__WORK ITEM__. Your answer should be the lines of the data below that contain "Photo".
Start of STORED DATA
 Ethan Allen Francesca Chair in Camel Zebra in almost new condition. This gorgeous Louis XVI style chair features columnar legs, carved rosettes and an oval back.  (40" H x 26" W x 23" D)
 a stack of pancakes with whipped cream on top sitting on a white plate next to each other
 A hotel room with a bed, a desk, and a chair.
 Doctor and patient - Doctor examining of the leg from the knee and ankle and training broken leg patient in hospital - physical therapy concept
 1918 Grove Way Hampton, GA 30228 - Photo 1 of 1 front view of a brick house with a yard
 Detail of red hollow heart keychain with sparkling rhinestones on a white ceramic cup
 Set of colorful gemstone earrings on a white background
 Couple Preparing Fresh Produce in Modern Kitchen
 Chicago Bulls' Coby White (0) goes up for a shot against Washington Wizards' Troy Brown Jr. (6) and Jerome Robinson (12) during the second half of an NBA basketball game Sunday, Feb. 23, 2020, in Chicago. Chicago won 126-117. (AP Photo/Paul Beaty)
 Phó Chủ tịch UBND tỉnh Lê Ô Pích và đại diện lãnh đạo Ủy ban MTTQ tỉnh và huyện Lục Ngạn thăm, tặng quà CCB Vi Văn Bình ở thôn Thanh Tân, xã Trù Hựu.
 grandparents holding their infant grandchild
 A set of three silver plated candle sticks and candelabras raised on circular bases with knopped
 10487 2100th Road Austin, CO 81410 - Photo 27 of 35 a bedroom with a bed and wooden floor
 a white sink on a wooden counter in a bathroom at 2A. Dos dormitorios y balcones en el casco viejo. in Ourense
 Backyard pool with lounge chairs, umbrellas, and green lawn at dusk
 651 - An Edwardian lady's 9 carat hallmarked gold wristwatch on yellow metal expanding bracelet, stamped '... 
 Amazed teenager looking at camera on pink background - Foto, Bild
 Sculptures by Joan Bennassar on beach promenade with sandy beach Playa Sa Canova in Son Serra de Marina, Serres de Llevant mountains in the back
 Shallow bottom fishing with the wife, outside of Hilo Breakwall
End of STORED DATA
__FINISHED TASK__.
 1918 Grove Way Hampton, GA 30228 - Photo 1 of 1 front view of a brick house with a yard
 Chicago Bulls' Coby White (0) goes up for a shot against Washington Wizards' Troy Brown Jr. (6) and Jerome Robinson (12) during the second half of an NBA basketball game Sunday, Feb. 23, 2020, in Chicago. Chicago won 126-117. (AP Photo/Paul Beaty)
 10487 2100th Road Austin, CO 81410 - Photo 27 of 35 a bedroom with a bed and wooden floor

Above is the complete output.